*Task to carry out*. Copy word for word the lines in the records below, starting at the line with "Rimilak Spiral Clipboards" and ending at the line with "Night Shift Security Guard resume example". Skip the pictures.

*Material to process*.
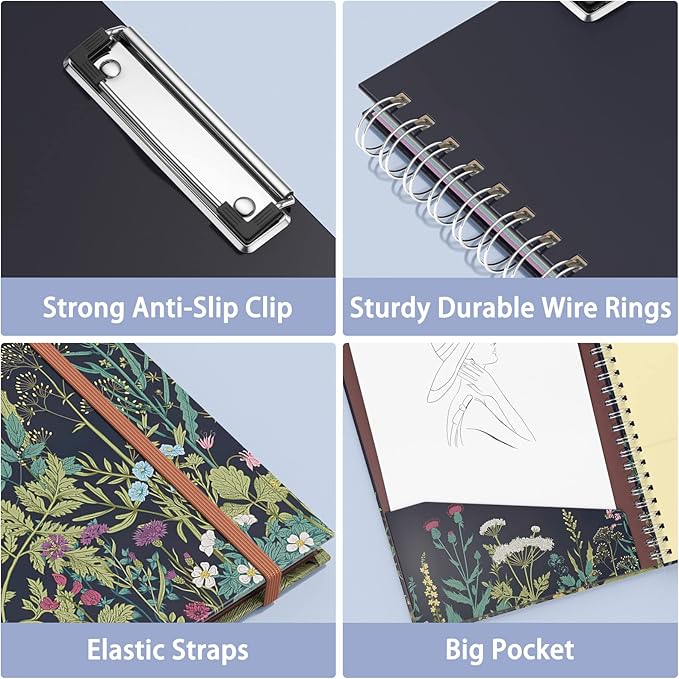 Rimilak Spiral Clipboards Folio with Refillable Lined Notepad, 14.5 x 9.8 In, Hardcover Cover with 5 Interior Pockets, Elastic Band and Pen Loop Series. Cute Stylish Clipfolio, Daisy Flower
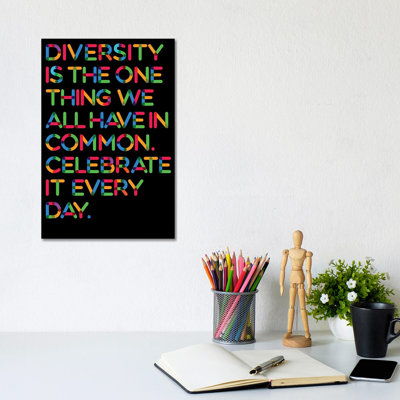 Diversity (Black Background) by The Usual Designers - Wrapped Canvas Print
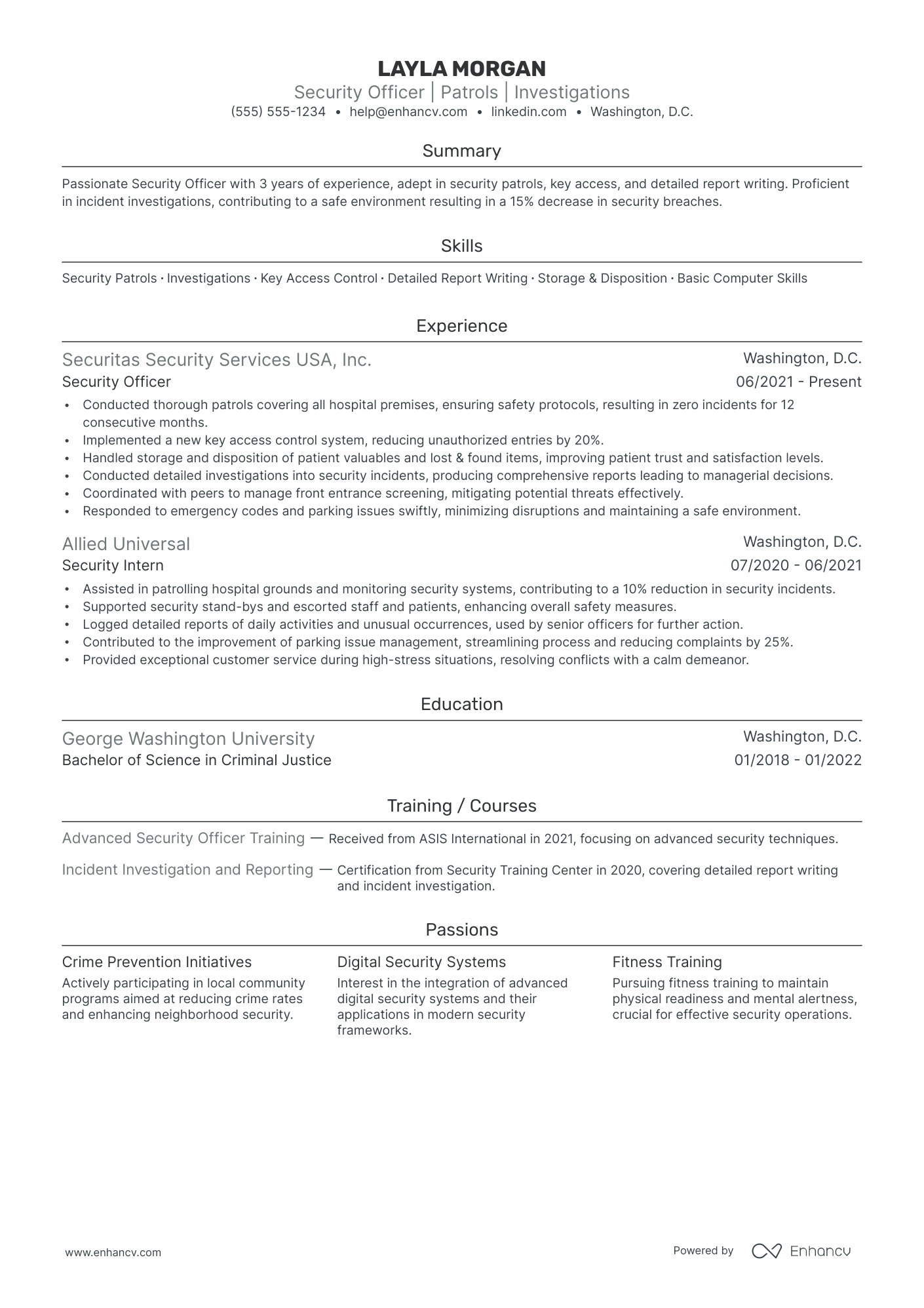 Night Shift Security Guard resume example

* * *

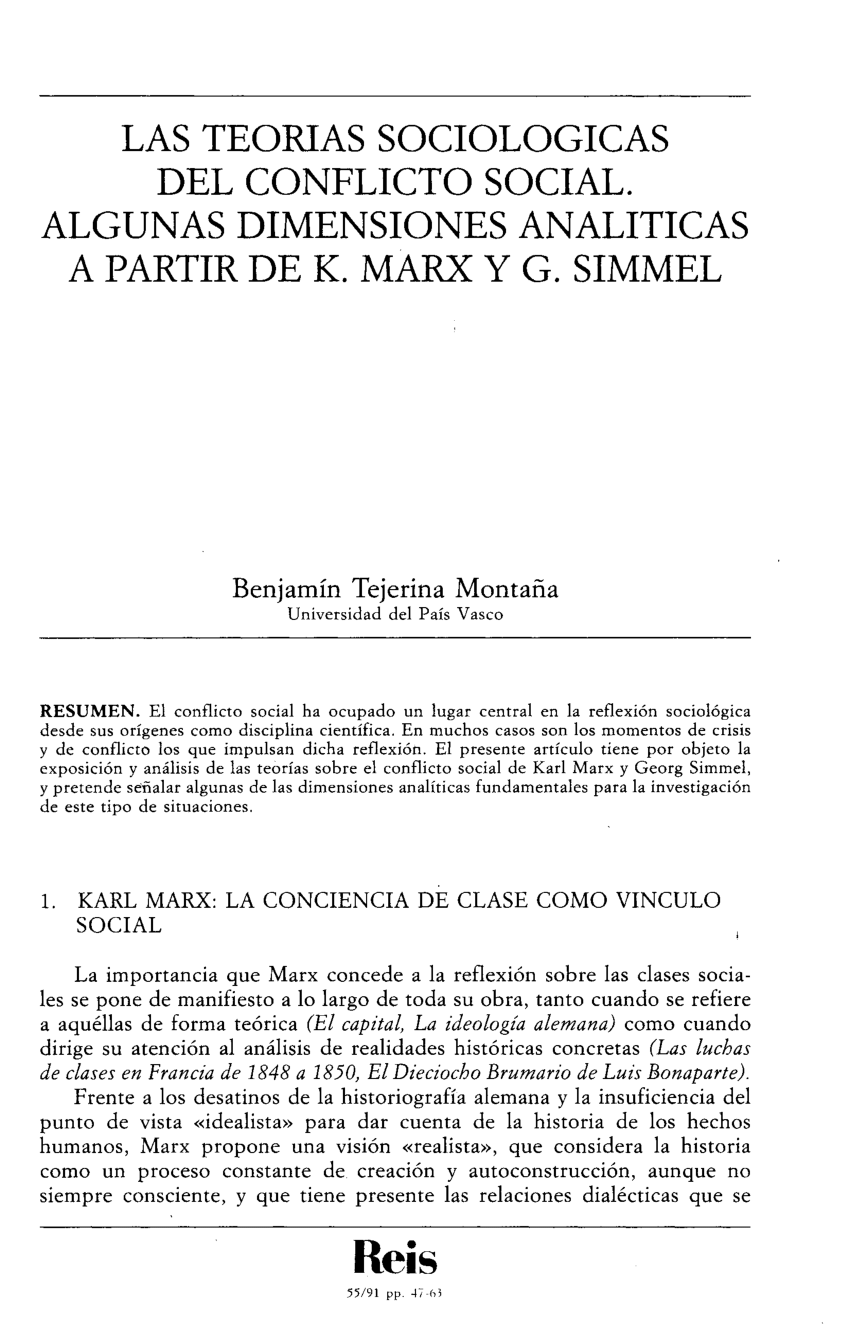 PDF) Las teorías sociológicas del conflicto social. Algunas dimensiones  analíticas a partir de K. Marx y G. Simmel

...

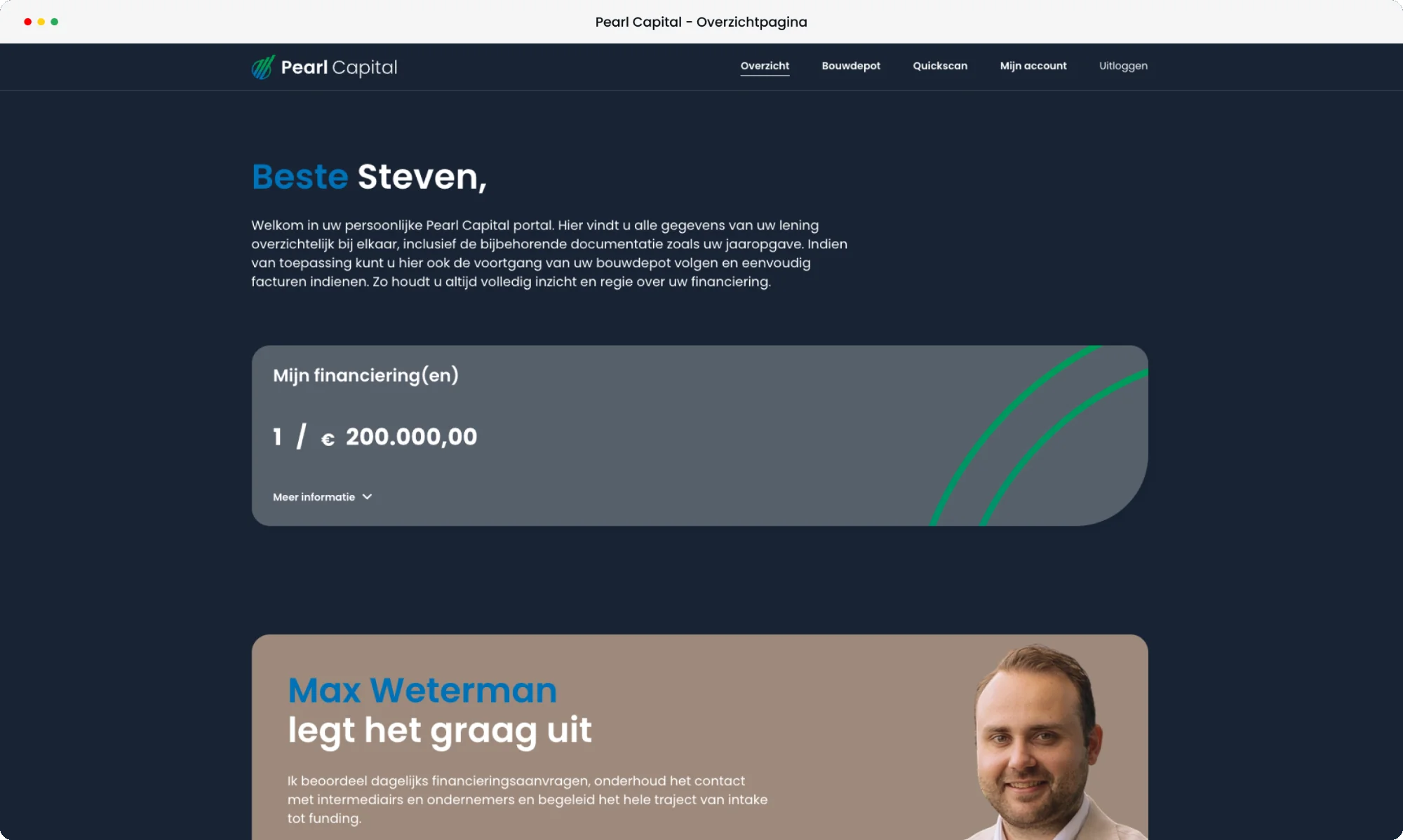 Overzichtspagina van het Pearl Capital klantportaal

*Task response*.
 Rimilak Spiral Clipboards Folio with Refillable Lined Notepad, 14.5 x 9.8 In, Hardcover Cover with 5 Interior Pockets, Elastic Band and Pen Loop Series. Cute Stylish Clipfolio, Daisy Flower
 Diversity (Black Background) by The Usual Designers - Wrapped Canvas Print
 Night Shift Security Guard resume example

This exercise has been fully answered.